🤖 AI Summary
This work addresses abstract visual compositional generation—where object identity is determined solely by the spatial configuration of a few geometric primitives (e.g., parts, symmetries, topology), invariant to texture and fine details. The task suffers from combinatorial explosion, severe data scarcity, and discrete feasibility constraints (e.g., non-overlap, orientation validity), yielding a sparse solution space that pixel-level generative models struggle to capture.

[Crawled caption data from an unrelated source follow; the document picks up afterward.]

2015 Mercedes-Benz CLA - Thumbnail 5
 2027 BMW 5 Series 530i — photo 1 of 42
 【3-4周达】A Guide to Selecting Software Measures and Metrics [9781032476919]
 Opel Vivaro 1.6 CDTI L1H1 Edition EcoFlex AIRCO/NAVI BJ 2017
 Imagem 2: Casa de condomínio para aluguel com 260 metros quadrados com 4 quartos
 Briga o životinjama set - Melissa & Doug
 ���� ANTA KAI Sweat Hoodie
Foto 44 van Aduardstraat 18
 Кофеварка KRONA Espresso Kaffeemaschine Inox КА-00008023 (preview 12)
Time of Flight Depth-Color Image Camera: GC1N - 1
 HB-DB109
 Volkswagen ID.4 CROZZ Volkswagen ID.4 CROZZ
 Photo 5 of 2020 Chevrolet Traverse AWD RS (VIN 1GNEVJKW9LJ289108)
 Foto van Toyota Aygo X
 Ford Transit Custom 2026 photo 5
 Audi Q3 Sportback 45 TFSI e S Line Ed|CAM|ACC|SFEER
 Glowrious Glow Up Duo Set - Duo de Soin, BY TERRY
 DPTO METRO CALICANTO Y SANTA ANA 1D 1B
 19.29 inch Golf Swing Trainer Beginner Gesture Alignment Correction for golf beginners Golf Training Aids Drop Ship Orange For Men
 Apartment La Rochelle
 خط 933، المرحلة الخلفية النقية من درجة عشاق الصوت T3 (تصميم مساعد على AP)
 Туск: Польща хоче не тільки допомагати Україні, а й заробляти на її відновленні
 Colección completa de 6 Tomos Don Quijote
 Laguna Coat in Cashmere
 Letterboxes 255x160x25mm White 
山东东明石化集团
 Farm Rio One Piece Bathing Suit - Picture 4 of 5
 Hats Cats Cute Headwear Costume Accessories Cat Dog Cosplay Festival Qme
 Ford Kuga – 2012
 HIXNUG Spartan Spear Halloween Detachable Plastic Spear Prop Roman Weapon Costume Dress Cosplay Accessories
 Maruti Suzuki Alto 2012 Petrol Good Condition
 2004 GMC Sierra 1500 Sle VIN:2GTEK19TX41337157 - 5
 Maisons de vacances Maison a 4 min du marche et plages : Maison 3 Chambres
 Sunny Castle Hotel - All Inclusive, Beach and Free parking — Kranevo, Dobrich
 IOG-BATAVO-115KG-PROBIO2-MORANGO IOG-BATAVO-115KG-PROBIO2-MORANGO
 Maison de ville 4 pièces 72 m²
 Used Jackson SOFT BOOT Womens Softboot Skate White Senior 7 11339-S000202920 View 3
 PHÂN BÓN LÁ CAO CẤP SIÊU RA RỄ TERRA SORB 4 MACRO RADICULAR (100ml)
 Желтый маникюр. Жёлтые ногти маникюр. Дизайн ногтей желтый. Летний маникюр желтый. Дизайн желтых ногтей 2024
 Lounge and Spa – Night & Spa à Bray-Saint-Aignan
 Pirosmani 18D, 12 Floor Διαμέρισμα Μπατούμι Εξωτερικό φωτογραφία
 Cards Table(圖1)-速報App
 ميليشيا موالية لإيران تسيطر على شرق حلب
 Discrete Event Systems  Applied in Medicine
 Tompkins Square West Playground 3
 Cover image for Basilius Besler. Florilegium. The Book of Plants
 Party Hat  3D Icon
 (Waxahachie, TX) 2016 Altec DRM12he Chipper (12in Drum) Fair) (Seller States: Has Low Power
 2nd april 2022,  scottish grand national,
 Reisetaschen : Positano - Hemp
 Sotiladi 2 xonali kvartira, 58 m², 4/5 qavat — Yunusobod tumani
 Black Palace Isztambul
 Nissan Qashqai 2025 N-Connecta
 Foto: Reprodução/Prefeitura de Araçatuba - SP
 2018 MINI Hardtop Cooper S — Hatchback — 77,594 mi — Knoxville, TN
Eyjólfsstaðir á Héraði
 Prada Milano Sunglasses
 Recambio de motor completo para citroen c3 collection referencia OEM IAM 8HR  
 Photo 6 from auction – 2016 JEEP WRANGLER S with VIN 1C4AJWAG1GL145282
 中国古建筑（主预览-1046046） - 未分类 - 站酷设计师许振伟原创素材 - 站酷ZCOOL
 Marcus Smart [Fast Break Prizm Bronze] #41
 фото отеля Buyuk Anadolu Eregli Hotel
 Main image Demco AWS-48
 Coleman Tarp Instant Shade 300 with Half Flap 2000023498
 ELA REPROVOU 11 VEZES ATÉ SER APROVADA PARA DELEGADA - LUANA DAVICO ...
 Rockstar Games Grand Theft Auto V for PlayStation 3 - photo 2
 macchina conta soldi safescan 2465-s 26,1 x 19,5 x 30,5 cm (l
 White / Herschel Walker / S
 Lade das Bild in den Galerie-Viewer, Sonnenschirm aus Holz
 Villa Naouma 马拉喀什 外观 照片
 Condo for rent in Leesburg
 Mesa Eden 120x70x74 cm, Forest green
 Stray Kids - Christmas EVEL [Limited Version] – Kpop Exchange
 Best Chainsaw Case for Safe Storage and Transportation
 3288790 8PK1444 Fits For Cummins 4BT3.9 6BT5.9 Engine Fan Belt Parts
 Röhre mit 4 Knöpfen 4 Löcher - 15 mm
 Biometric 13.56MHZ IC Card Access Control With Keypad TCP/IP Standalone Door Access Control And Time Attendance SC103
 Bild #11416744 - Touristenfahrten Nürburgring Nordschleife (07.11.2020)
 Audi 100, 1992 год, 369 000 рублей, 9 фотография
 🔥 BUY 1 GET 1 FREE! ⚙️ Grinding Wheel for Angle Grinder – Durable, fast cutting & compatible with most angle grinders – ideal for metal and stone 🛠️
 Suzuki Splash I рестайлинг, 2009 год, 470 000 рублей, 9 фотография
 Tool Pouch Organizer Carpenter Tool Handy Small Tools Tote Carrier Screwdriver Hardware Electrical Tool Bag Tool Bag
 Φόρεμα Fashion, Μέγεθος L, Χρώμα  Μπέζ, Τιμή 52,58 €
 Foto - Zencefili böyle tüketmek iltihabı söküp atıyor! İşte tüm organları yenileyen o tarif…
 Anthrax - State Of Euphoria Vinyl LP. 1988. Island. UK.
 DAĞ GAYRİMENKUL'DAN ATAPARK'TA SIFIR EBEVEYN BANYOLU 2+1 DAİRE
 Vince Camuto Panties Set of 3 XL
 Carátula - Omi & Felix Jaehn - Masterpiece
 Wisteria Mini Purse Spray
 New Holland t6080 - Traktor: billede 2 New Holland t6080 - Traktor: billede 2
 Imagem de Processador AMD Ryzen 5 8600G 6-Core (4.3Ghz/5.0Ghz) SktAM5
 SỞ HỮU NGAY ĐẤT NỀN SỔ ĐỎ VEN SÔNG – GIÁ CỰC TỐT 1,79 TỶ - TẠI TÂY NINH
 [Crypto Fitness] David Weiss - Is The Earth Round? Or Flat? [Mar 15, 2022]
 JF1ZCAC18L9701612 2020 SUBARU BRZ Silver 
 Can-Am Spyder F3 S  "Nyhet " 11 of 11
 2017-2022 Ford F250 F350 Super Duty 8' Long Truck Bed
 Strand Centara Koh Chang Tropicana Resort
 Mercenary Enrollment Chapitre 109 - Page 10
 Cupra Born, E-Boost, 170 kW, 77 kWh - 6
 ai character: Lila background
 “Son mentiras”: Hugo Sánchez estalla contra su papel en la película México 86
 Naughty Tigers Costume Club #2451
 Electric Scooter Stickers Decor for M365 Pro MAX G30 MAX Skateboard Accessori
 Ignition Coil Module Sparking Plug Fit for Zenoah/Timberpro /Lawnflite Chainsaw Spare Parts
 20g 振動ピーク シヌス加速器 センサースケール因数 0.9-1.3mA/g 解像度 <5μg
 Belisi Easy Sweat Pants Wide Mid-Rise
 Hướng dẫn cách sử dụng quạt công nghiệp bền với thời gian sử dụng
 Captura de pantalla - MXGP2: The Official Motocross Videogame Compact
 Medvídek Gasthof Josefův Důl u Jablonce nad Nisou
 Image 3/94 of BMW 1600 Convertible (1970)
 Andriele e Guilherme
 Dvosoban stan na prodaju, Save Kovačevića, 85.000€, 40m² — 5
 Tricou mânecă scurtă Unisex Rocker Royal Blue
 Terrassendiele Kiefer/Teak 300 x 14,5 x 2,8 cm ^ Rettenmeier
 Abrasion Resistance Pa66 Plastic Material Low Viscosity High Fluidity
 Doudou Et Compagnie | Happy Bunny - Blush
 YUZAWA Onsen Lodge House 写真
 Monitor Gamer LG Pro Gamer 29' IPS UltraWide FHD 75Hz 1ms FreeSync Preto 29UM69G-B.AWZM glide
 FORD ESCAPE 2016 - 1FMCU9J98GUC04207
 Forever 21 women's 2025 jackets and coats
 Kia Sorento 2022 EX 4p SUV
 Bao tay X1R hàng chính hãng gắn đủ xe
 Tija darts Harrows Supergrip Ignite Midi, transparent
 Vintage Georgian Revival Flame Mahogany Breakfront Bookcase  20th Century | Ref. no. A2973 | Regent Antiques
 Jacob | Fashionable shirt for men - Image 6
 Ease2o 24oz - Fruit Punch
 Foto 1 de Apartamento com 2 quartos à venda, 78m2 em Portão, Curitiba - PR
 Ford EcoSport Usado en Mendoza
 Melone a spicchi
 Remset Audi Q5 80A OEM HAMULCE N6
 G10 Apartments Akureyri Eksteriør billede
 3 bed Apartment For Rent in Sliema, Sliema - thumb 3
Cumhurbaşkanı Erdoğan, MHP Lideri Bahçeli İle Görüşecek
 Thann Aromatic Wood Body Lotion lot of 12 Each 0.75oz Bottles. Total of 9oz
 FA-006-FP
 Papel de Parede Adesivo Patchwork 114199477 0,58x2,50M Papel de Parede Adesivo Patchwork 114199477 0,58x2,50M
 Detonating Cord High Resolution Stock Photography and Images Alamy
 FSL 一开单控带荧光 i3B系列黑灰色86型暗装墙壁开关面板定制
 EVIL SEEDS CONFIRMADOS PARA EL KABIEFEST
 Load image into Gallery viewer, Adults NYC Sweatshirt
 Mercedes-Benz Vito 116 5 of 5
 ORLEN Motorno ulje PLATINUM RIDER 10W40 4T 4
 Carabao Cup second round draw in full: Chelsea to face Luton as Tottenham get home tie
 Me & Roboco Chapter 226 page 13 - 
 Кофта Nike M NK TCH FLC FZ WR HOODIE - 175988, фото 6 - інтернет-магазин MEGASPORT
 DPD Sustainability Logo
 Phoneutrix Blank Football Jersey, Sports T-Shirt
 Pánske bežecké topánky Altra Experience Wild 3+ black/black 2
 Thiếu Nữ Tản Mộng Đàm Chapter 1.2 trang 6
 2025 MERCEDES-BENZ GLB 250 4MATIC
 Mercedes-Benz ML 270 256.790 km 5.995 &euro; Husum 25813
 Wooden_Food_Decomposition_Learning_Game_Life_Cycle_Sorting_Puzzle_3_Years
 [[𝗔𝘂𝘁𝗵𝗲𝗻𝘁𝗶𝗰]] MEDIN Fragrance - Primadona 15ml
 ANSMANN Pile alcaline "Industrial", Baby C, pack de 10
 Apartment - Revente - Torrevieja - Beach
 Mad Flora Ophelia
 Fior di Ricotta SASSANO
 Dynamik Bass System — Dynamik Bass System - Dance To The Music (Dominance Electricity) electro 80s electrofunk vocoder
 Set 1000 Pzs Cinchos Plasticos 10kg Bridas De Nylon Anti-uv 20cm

To overcome this, we propose a geometry-semantic co-guided constrained generation framework that innovatively integrates AlphaGo-style search with fine-tuned vision-language models (VLMs). Specifically, Gumbel Monte-Carlo Tree Search (MCTS) serves as the policy engine, jointly optimizing constraint reasoning, neural semantic scoring, and adversarial reward learning in an end-to-end manner. Evaluated on Tangram Assembly, our method significantly outperforms diffusion and autoregressive baselines, achieving superior structural validity and semantic fidelity—especially under stringent geometric constraints.
📝 Abstract
We study abstract visual composition, in which identity is primarily determined by the spatial configuration and relations among a small set of geometric primitives (e.g., parts, symmetry, topology). They are invariant primarily to texture and photorealistic detail. Composing such structures from fixed components under geometric constraints and vague goal specification (such as text) is non-trivial due to combinatorial placement choices, limited data, and discrete feasibility (overlap-free, allowable orientations), which create a sparse solution manifold ill-suited to purely statistical pixel-space generators. We propose a constraint-guided framework that combines explicit geometric reasoning with neural semantics. An AlphaGo-style search enforces feasibility, while a fine-tuned vision-language model scores semantic alignment as reward signals. Our algorithm uses a policy network as a heuristic in Monte-Carlo Tree Search and fine-tunes the network via search-generated plans. Inspired by the Generative Adversarial Network, we use the generated instances for adversarial reward refinement. Over time, the generation should approach the actual data more closely when the reward model cannot distinguish between generated instances and ground-truth. In the Tangram Assembly task, our approach yields higher validity and semantic fidelity than diffusion and auto-regressive baselines, especially as constraints tighten.